The Turkish Cypriot community has exploited this division by arguing it needs more guarantees under the UN framework rather than less, because of the lack of Greek Cypriot commitment. Turkish Cypriot policy since 1974 has been balanced between a reluctance to return what was gained by the use of force in 1974, and to relinquish their dream of a confederation or separate state, (or on the part of the extreme nationalists, partition and assimilation into Turkey), and direction from Turkey to relieve her of untoward international pressure by negotiating with the Greek Cypriot side. The Turkish Cypriot leadership has also been of the opinion that the longer the post-1974 status quo can be sustained, the more chance they have of recognition as a state in their own right, and it was this that their 1983 unilateral declaration of independence was aimed at. Thus, until 1996, it can be seen that the protracted stalemate was viewed as advantageous to both sides in the absence of the satisfaction of their nationalist objectives. The Greek Cypriot side felt that time would enable them to bring international pressure to bear on Turkey thus altering the geopolitical realities of the region: the Turkish Cypriot side felt that it justified their thesis that the two sides could not live together and made it more likely that they would receive international recognition. But in 1996, the situation was altered irrevocably.

A serious escalation of tensions in the Aegean between Greece and Turkey took place early in 1996. Greece was caught unawares and after US intervention, Greece immediately speeded up its military procurements and modernisation programme. After serious intercommunal rioting in Cyprus in August 1996, military co-operation between Greece and Cyprus continued to gather pace, with the construction of Greek air and naval bases in Cyprus, and then the procurement by the Cypriot government of high-tech Russian missile systems. Allied to these developments was the alliance between Ciller and the Islamist, Erbakan, the latter who became modern Turkey's first Islamic Prime Minister. This almost immediately sparked conflict between those in Turkey who favoured moves towards the West (including the powerful Turkish military), and those who favoured moves towards the East. Finally, with the fruition of the Republic of Cyprus's application for accession to the EU, Turkey and the Turkish Cypriot side seemed for the first time since 1974 to have lost control of the situation. As a result, the major players of the international community were alerted to the fragile situation in the Eastern Mediterranean and began to intervene to revive UN efforts to solve the problems of Cyprus, dormant since 1994 because of the 'absence of any common ground between the Cypriot sides.

This situation escalated with Turkey's threat to attack any missile installations on Cyprus.

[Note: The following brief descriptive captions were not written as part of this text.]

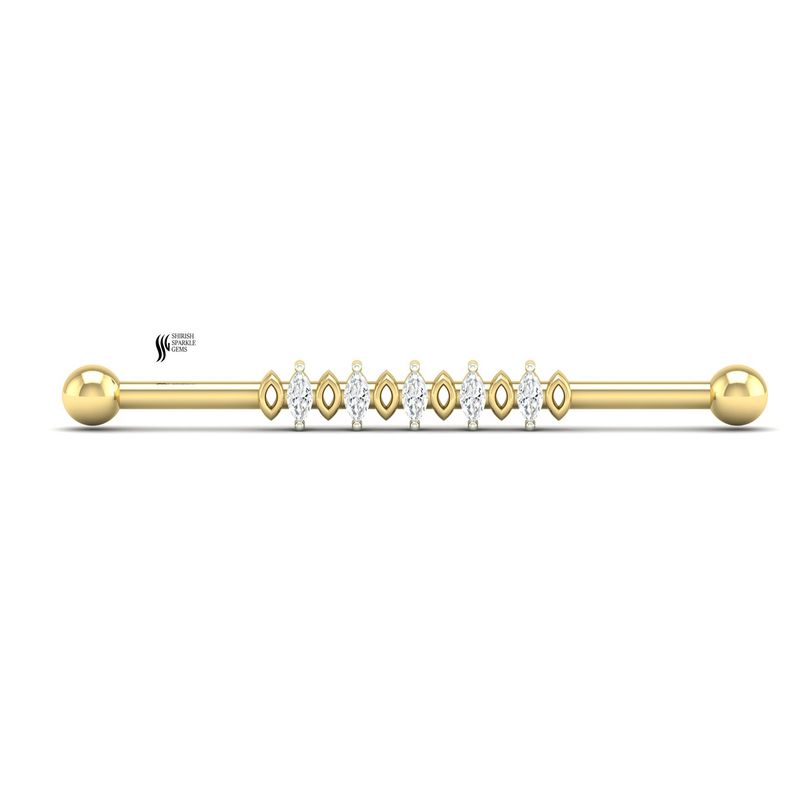 Gold Industrial Barbell â¢ Marquise Lab Diamond Scaffold Piercing â¢ Real Gold Alternating Marquise Ear Bar â¢ Luxury Body Jewelry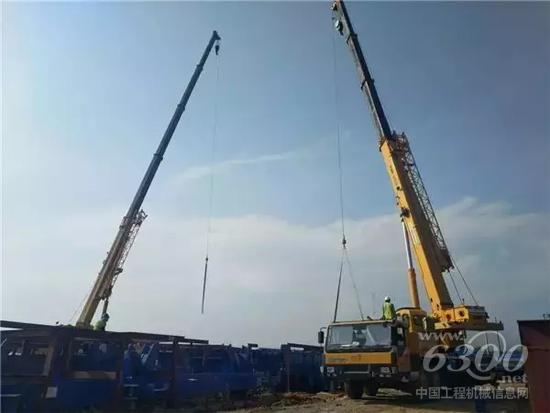 印尼蘇門答臘島最大的發(fā)電廠，徐工起重機(jī)聯(lián)合吊裝鋼結(jié)構(gòu)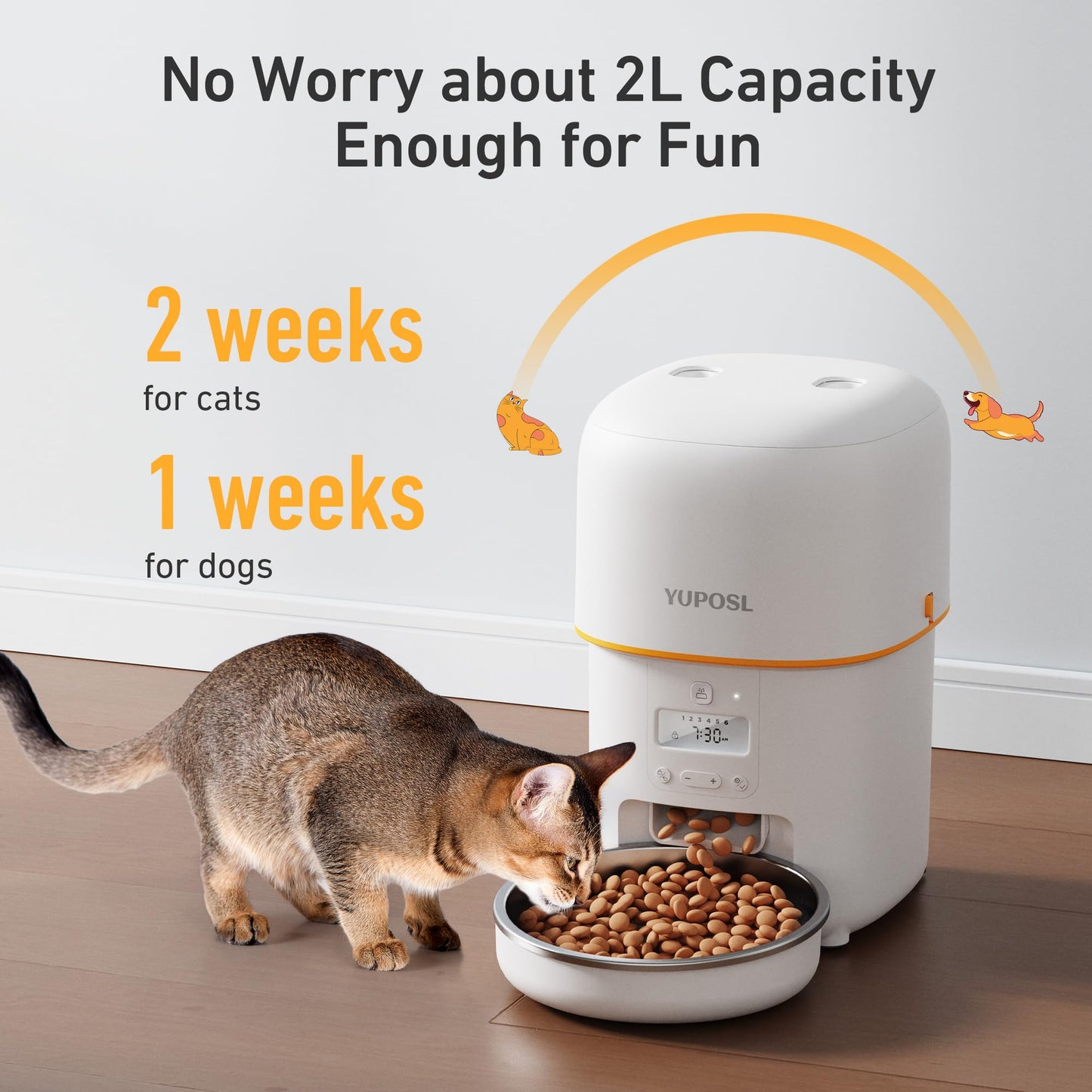 Yuposl Automatic Cat Feeder - 2L Cat Food Dispenser with Over 180-day Battery Life, Anti-Jam Design, 1-6 Meals Per Day with Stainless Steel Cat Bowl, Keep Cat Dry Food Fresh, Also for Small Dog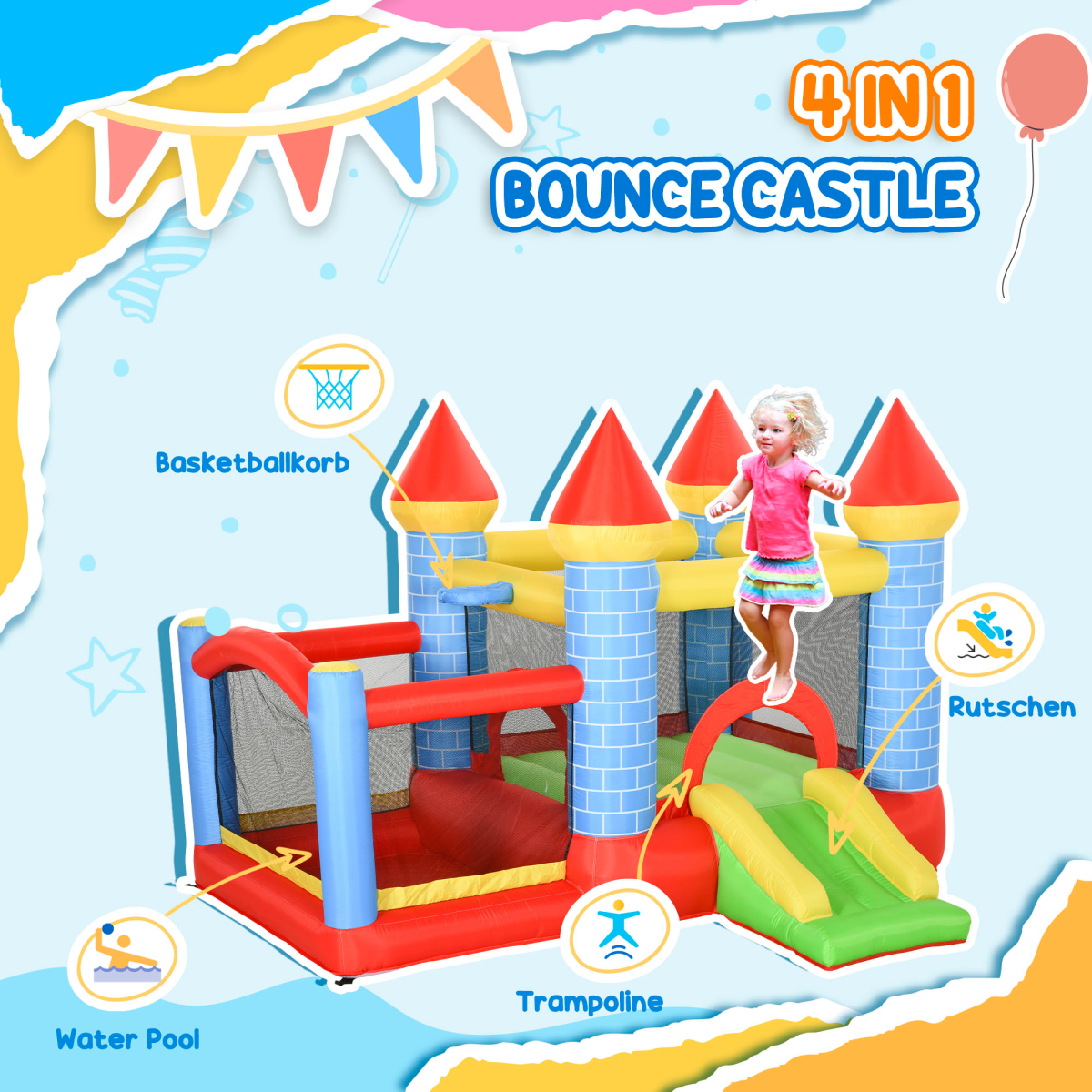 cortex-london-windsor-four-in-one-bouncy-castle-slide-pool-with-blower-multicolour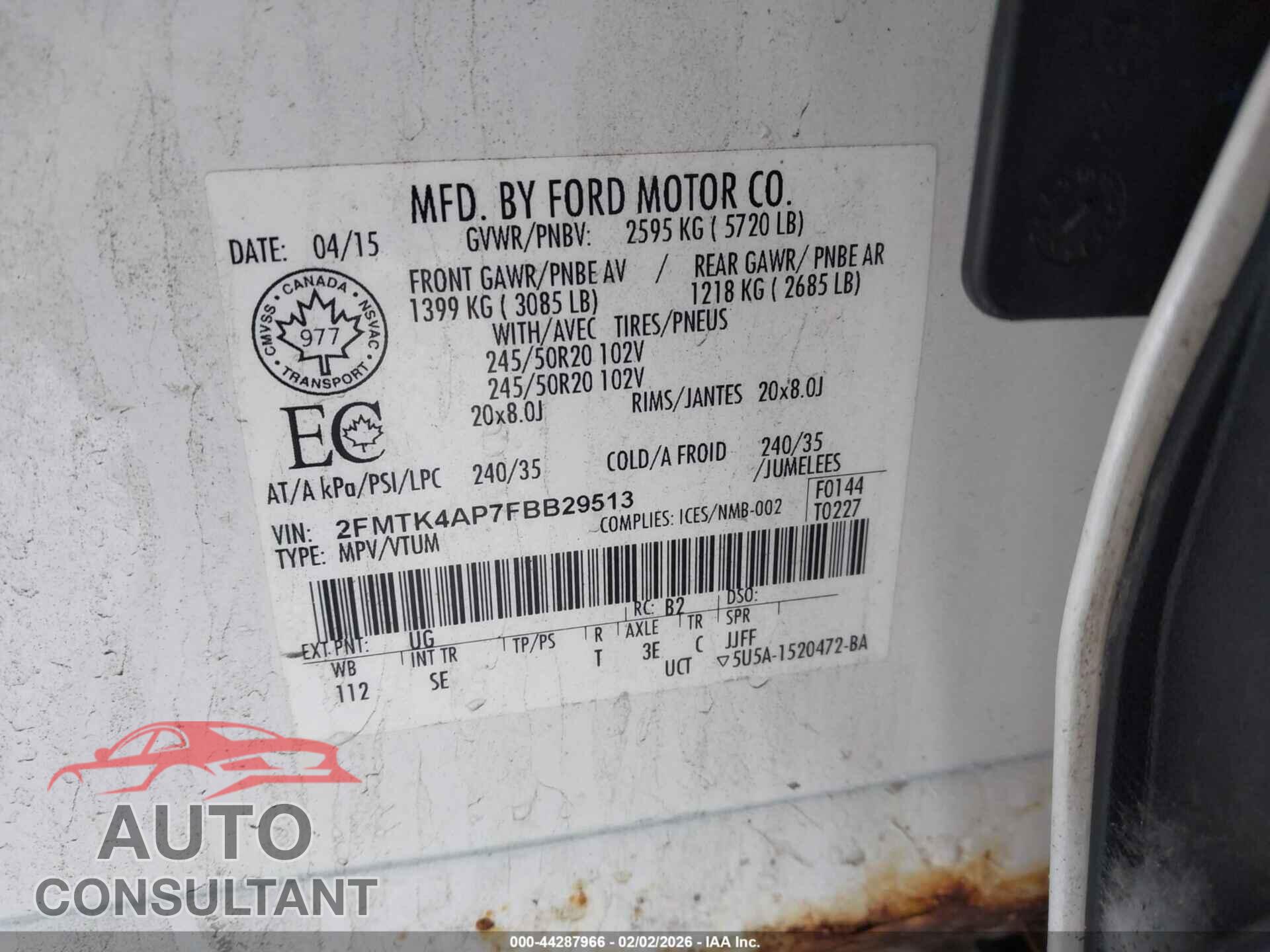 FORD EDGE 2015 - 2FMTK4AP7FBB29513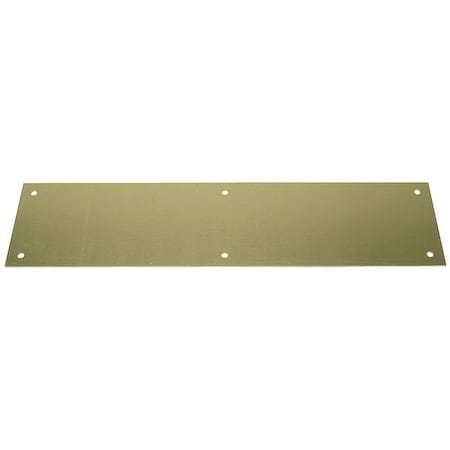 Door Push Plate, Brass, 12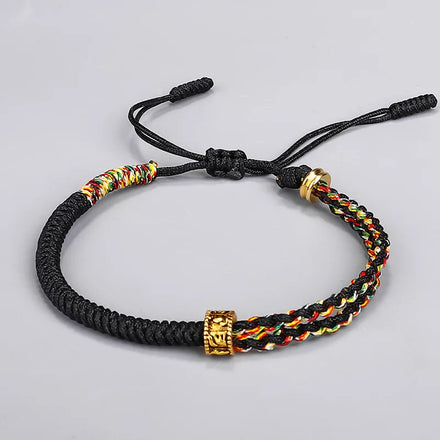 Lover Family Friends Women and Men Six Word Mantra Tibetan Handmade Knot Lucky Braided Adjustable Couple Bracelet Jewelry Gift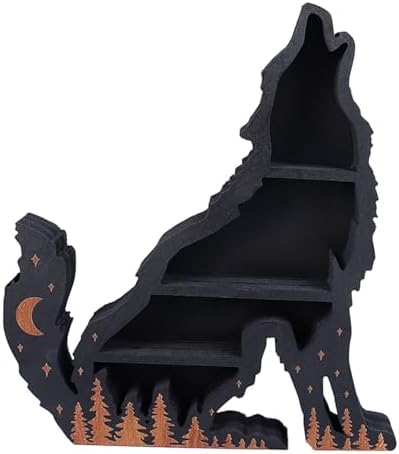 Pssopp Wolf Wooden Crystal Display Shelf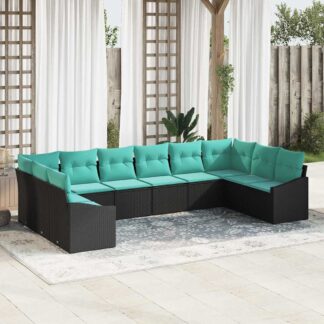 vidaXL Σετ Καναπέ 10 τμχ. Μαύρο συνθετικό ρατάν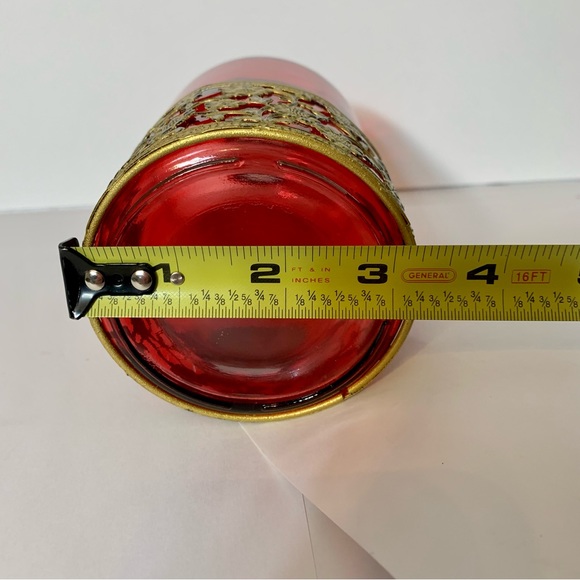 Vintage red glass bottle with gold tone decorative floral lattice - Picture 8 of 9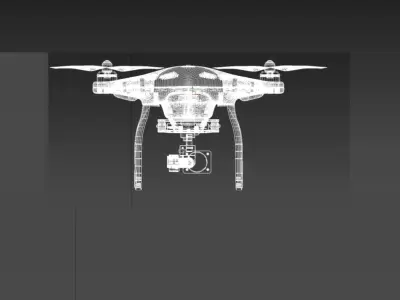 White Four-Rotor Drone 3D model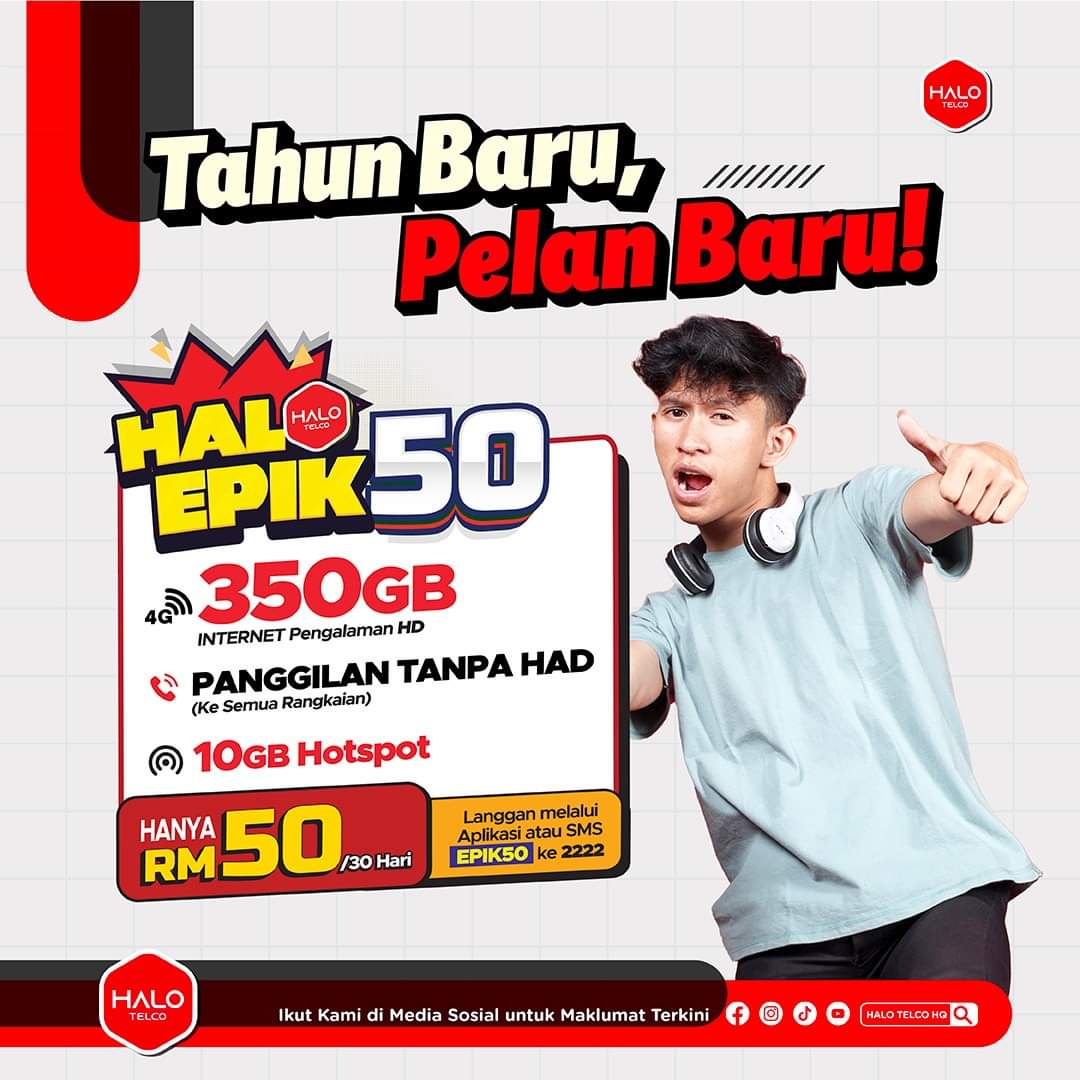 onextelco's tweet photo. 𝐓𝐚𝐡𝐮𝐧 𝐁𝐚𝐫𝐮, 𝐏𝐞𝐥𝐚𝐧 𝐁𝐚𝐫𝐮! ✨
Nak power up kan lagi semangat tahun baharu anda? 🥳 Semestinya dengan pelan HaloEpik50! 
✅ 350GB sebulan 
✅ Panggilan tanpa had 
✅ Percuma Zurich General Takaful &amp; Khairat Kematian 
#halotelcokualapilah  #haloepik50 https://t.co/cdXa25fdrs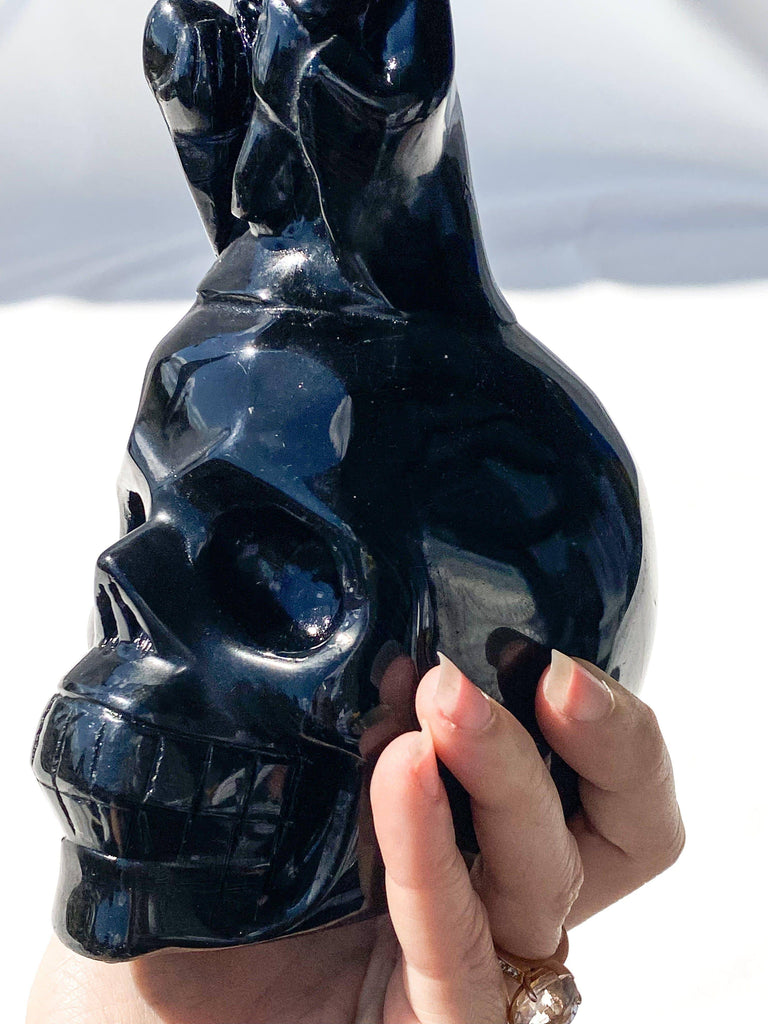 Skull + Grim Reaper Carving | Black Obsidian - Unearthed Crystals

The international community condemned the Greek Cypriot missile purchase, but the Greek Cypriot side argue that as sovereign state, this is clearly within their rights. Russia too, has backed the Greek Cypriot side, much to the concern of Turkey. However, the US has put pressure on the Greek Cypriot leadership to postpone the missiles' delivery, currently scheduled for this spring. The Greek Cypriot side has unashamedly used the missile issue in order to put pressure on the Turkish Cypriot side to agree to an early solution; Turkey and Denktash, the Turkish Cypriot leader, have responded with typical bellicosity.